Briggs Land Volume 1: State of Grace
Brian Wood, script; Mack Chater, art; Lee Loughridge, colors; Tula Lotay, chapter break art
Dark Horse Books, 2017
The largest secessionist community in the United States is Briggs Land, a community created by Jim Briggs: an uncompromising white supremacist serving a life sentence in a Federal penitentiary for attempting to assassinate the President of the United States. Jim has been running the community from prison, like a mafia boss. When his wife Grace decides to take over the community, she sets off a family and community crisis. These are people who believe that women should be subservient to men, and most of them are also racist to the core. Grace believes in the core values of independence from government and freedom from debt--a self-sufficient lifestyle--but not in violence, racism and hate.
She has her work cut out for her, to put it mildly. Her three sons are the first challenge (well, after dodging an assassination attempt ordered by her husband). Only one of the three is behind her from the start, and the eldest had expected to succeed his father as head of the community. There are also two rogue FBI agents in the mix. So Grace works to show the face of leadership to the community, while also working behind the scenes. The secret work may be the most important in the end. She begins to establish a new relationship with the women of Briggs Land, and races to outmaneuver her husband to divorce him and keep control of the Land.
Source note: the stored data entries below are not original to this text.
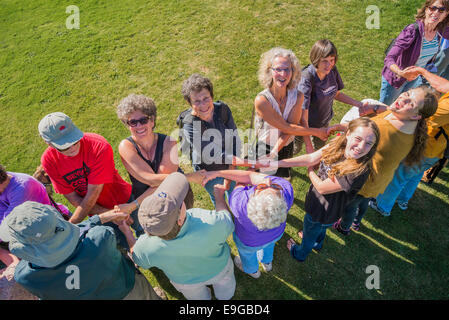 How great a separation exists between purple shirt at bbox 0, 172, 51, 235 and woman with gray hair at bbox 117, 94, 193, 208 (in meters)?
0.91

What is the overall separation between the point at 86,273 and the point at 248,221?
4.88 ft

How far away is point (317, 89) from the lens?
3.72 metres

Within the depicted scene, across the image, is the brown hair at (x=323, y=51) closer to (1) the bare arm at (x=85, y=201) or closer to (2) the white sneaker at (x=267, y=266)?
(2) the white sneaker at (x=267, y=266)

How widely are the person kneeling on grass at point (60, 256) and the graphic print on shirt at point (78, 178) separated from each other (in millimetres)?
752

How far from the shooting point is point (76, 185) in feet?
10.5

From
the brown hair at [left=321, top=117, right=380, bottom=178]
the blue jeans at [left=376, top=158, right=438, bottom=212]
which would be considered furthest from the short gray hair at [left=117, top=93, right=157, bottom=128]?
the blue jeans at [left=376, top=158, right=438, bottom=212]

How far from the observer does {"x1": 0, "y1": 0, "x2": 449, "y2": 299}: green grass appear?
150 inches

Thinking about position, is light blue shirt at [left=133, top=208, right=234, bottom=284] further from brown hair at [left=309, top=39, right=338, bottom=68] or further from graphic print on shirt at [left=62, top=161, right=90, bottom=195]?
brown hair at [left=309, top=39, right=338, bottom=68]

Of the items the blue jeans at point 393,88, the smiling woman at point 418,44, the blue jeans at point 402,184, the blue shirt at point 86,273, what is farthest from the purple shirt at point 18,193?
the blue jeans at point 393,88

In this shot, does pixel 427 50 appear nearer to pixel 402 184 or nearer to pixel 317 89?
pixel 317 89

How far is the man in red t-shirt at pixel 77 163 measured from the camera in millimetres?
2799

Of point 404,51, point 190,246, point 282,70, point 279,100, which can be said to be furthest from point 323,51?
point 190,246

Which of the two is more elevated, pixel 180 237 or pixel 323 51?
pixel 323 51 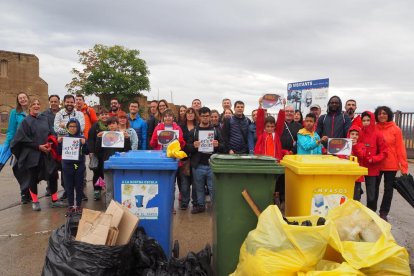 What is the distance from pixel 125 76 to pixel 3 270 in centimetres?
2575

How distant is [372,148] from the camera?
4.71 metres

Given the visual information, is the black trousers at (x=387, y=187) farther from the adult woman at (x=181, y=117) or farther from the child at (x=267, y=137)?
the adult woman at (x=181, y=117)

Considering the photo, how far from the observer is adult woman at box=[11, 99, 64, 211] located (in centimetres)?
524

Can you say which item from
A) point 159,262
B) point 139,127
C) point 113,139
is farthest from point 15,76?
point 159,262

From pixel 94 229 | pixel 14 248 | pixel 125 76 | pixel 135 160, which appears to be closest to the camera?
pixel 94 229

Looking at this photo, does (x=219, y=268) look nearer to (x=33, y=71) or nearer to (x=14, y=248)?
(x=14, y=248)

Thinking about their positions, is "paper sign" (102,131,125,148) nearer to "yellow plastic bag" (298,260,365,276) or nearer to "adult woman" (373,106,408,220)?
"yellow plastic bag" (298,260,365,276)

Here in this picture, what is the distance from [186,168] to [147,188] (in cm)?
219

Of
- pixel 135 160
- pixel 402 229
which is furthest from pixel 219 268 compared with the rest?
pixel 402 229

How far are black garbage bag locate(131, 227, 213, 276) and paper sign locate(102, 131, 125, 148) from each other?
1.99 metres

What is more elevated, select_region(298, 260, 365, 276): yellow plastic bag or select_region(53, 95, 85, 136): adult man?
select_region(53, 95, 85, 136): adult man

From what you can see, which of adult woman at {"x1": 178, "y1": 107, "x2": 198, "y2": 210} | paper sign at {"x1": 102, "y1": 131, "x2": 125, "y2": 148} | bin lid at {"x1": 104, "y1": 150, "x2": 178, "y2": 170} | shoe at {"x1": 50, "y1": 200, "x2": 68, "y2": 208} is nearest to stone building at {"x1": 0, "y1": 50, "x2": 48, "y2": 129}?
shoe at {"x1": 50, "y1": 200, "x2": 68, "y2": 208}

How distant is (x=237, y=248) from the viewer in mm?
2916

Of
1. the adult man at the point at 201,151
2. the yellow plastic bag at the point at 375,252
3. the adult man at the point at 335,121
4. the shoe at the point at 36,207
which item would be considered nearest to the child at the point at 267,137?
the adult man at the point at 201,151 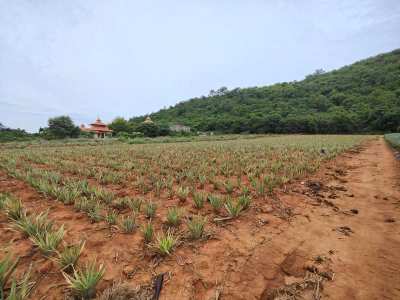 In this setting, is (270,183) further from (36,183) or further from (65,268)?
(36,183)

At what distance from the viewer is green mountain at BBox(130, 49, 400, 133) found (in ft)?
148

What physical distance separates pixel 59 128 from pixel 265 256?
43.0 metres

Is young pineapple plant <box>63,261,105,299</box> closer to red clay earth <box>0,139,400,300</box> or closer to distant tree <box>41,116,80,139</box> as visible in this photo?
red clay earth <box>0,139,400,300</box>

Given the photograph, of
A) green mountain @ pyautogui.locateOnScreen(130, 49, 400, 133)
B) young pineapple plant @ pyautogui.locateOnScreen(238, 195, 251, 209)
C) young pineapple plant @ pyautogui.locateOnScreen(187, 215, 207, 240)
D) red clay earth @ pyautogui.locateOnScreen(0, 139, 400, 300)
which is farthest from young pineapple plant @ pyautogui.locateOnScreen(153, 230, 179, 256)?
green mountain @ pyautogui.locateOnScreen(130, 49, 400, 133)

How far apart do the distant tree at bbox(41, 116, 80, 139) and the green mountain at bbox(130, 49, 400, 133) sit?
26.3 m

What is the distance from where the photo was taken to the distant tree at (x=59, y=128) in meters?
34.4

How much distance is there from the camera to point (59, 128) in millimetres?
34500

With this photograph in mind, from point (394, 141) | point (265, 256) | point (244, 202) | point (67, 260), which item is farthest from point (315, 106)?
point (67, 260)

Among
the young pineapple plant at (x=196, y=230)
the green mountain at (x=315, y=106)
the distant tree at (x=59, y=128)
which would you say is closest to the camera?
the young pineapple plant at (x=196, y=230)

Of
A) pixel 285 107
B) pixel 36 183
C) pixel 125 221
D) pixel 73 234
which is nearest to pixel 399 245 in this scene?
pixel 125 221

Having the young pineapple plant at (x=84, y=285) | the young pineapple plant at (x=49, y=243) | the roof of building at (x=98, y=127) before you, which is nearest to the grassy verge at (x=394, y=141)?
the young pineapple plant at (x=84, y=285)

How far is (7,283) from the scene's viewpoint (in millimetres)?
1751

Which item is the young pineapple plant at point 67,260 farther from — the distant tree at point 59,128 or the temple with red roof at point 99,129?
the temple with red roof at point 99,129

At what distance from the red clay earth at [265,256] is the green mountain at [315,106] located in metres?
53.2
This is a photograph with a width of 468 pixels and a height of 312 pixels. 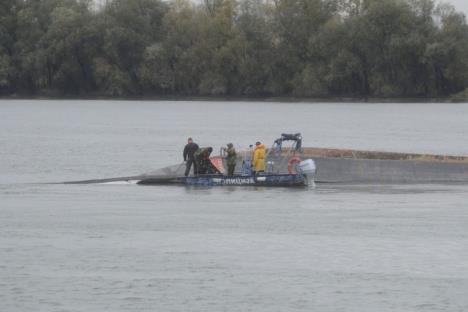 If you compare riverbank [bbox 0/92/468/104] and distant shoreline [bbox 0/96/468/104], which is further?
distant shoreline [bbox 0/96/468/104]

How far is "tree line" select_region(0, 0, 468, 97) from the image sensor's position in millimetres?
137125

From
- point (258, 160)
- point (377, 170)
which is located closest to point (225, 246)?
point (258, 160)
So this is a rich narrative, with lots of moving parts. In some ways it recalls Wood's Vertigo series DMZ, but here the political aspects take place on a more intimate scale. Chater is a great partner in the story telling: his realistic style makes all of the characters distinctive, and his facial expressions aid the narrative. His style reminds me of frequent Wood collaborator Ryan Kelly. It took me awhile to catch up with the series, but I am looking forward to more.
I loved this book, and I loved vol. 2 every bit as much. I am really intrigued by stories of these militia groups, like the real-life Ruby Ridge, and the fictional Gerhardt family in Fargo Season 2. This book really scratched that itch. It's such a grey area, you find yourself kind of rooting for the bad guys in a way.